And I think that we know that Trump is never going to say that he made a mistake or that he ordered things or whatever.
So I think there's that.
I think that, and that I think is just something that bears watching is how much pressure is she under from all sides.
This isn't limited to Trump, but whenever the president has to come out and tell you that he supports a cabinet member, it's usually a sign that the cabinet member is in trouble.
And so Trump has had to say this, you know, this stuff about Bondi.
So I think that's just worth watching generally and overall.
We've seen her look more gathered, I guess, is a way to say it, you know, in these hearings, more sort of prepared, more put together, more like ready for these responses.
And so I think that all that was notable.
I think the selling Bibles thing is so emblematic to me of all the, you know, the Christian Americans who support Trump, who like, you know, there's that, it's an old translation, but the translation of a passage that says you can't serve both God and mammon, God and money.
And of course, you know, that's what Trump does.
But like the number of Christians who have literally like bought into this version of faith, this like literally buying into it.
I mean, think about like a Trump-branded Bible, like just branding the Bible and getting a bunch of free documents.
You can pay a bunch of money for free stuff.
Like you, you know, if you want to find the Bible, you can read the whole thing online.
You know, you don't need to pay for it.
You could go, you can get copies that you don't have to pay for.
The Constitution and the Declaration of Independence are not expensive documents, but as you say, Trump's going to profit on it.
And I just find something so emblematic of him cashing in on Christian faith when I think, you know, it's just this metaphor for MAGA world that has bought into this vision of Christianity as all of these things.
And then so to bring that in, as you say, the Christian values and the trafficking and whatever, Republicans have loved for a long time and conservatives to talk about protecting kids when it serves their interests, but not when it doesn't.

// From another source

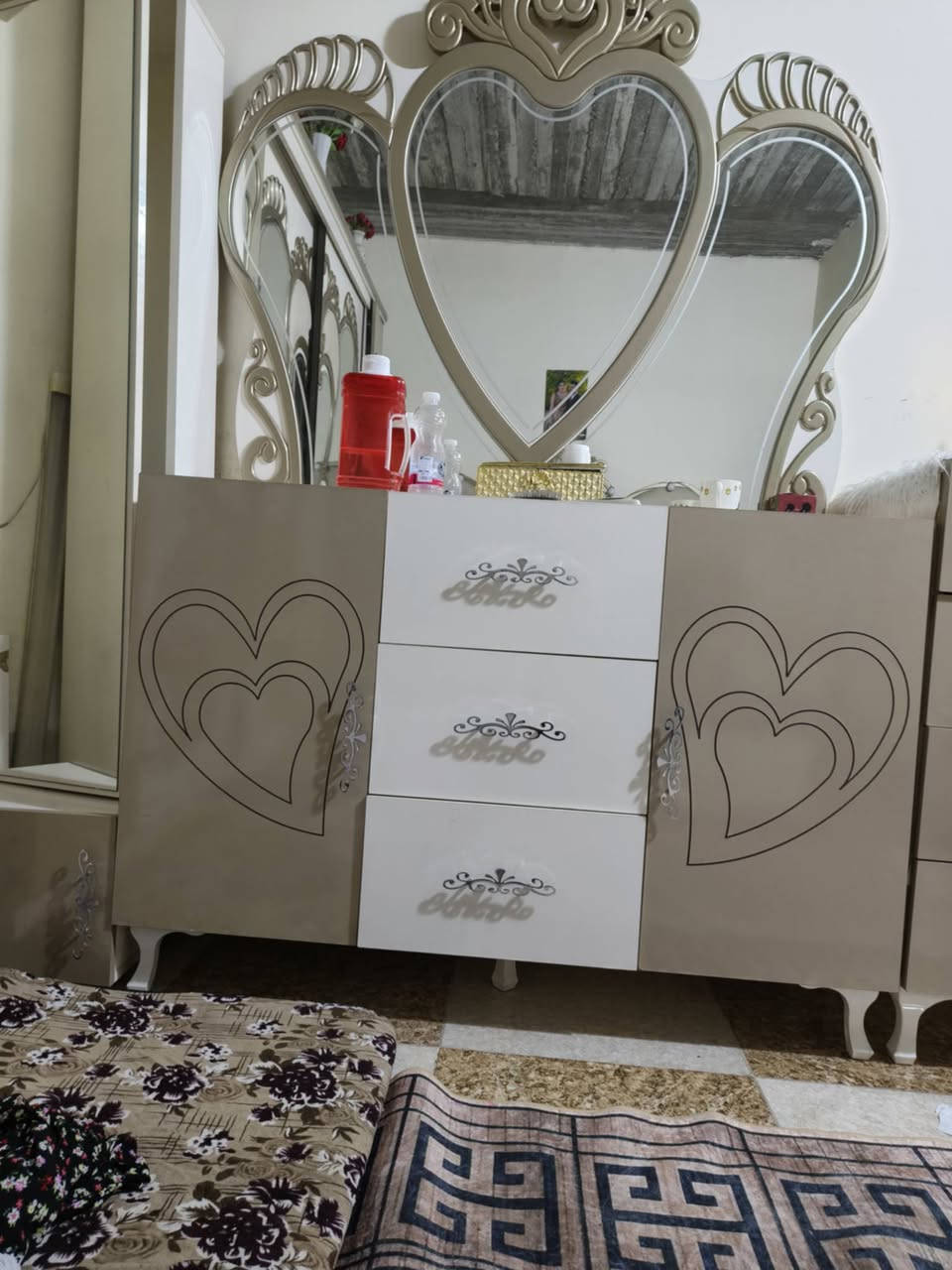 غرفة نوم تركي 7قطع نظيف بدون اضرار سعر 550 قفل عنوان شركة طارق


**إذا كنت صاحب هذا الإعلان وتريد حذفه لأي سبب، رجاءا أرسل رسالة إلى الدعم الفني**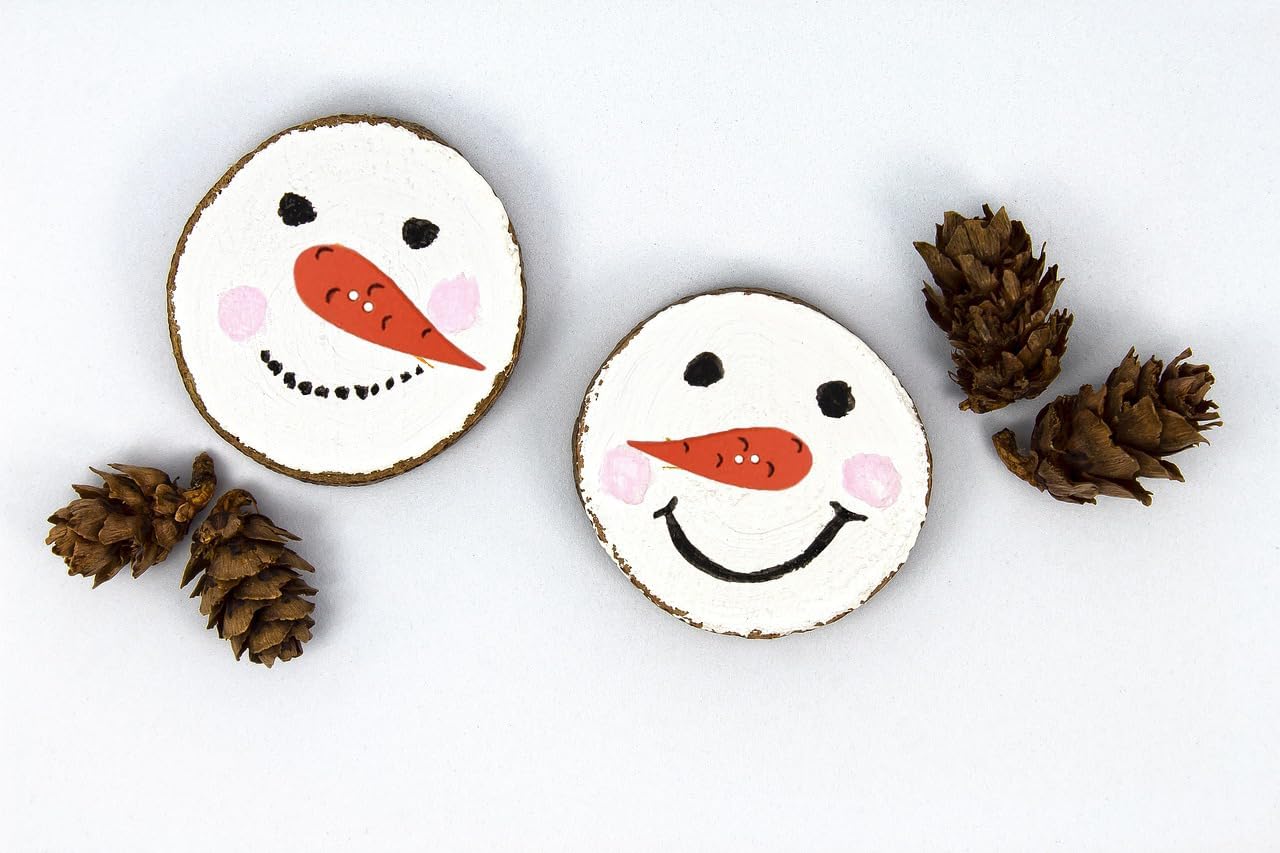 200 Piece Christmas Carrot Nose Buttons - Wooden Buttons DIY Ornament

So like, let's think about QAnon, the QAnon controversy, you know, or conspiracy.
What is it?
It was about, you know, trafficking at the heart of it and so forth.
But as long as Democrats and the deep state were the bad guys, it was really popular.
And now it's kind of fading.
Pizzagate was about conspiracies about Democrats and child trafficking.
The Epstein files, when Trump was not in office, were a nice rallying cry that everybody could get behind about protecting the kids and so forth.
And now that Trump is there, not only is Pam Bondi, you know, doing everything she can to like minimize the effect of this requirement to release the Epstein files and so forth, as you say, she won't look them in the eye, the people that she said she was going to defend because you say she ran on this.
And we see this just sort of throughout.
And you could go down the list of policy positions.
You could see it essentially eliminating people's insurance.
Was that going to hurt?
That's going to hurt kids.
Taking away different kinds of social safety net programs.
Who's that going to hurt?
It's going to hurt kids.
Targeting transgender minors.
Who's that going to hurt?
It's aimed at kids explicitly.
So I think that that's another piece of this is to recognize that the GOP does not care about kids.
They will call for protecting children, again, when it serves their interests, when it'll get Pam Bondi in office or when they're not in power and they can try to say that the Democrats are doing bad things.
But now that they have the mechanisms of power, as you say, she won't even turn around and look at the people who are right there.
She won't even pay lip service to serving the interests of children and protecting them.
And I think, so I think there's a lot of layers of stuff going on with Pam Bondi in these hearings.
I think one of the things I was trying to say last week, and I didn't really succeed in the way I wanted to, was that you and I grew up in the heyday of the anti-abortion movement that really was spearheaded by evangelical Christians, Catholic Christians, and so on.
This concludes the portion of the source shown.